English politician (died 1815)

Ambrose Goddard (c.1727–1815) was a British merchant and landowner who sat in the House of Commons from 1772 to 1806.

Goddard was the third son of Ambrose Goddard and his wife Elizabeth Awdry, daughter of Ambrose Awdry of Seend, Wiltshire. He was educated at Winchester College from 1743 to 1745. He settled in Lisbon where he was involved in merchant activities and was an agent for the Post Office there until 1772. On the death of his elder brother in 1770, he succeeded to the family inheritance and returned to Wiltshire.

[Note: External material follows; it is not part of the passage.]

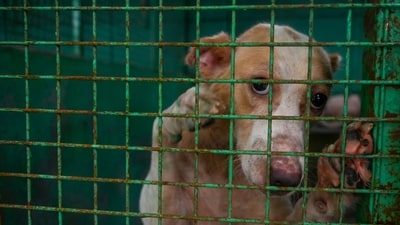 The SC order on stray dogs has left people divided, with one section backing the directive as a “relief” and another criticising it. (Sunil Ghosh/Hindustan Times)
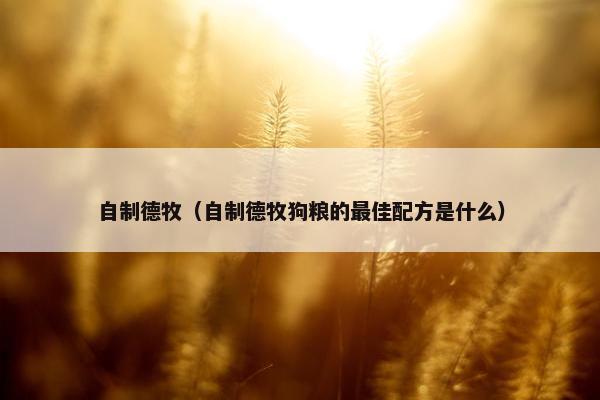 自制德牧（自制德牧狗粮的最佳配方是什么）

He married Sarah Williams, daughter of Rev. Thomas Williams of Pilrowth, Carmarthenshire on 16 August 1776.

Goddard was returned as Member of Parliament for Wiltshire at a by-election on 21 August 1772 after a hard-fought and expensive contest. He was returned unopposed in 1774 and 1780. In 1784 he was a member of the St. Alban's Tavern group who tried to bring Fox and Pitt together. He held the seat until 1806.

Goddard died on 19 June 1815. He and his wife Sarah had three sons and seven daughters; from 1788 they employed Agnes Porter as governess. His sons Thomas Goddard and Ambrose Goddard became MPs for Cricklade.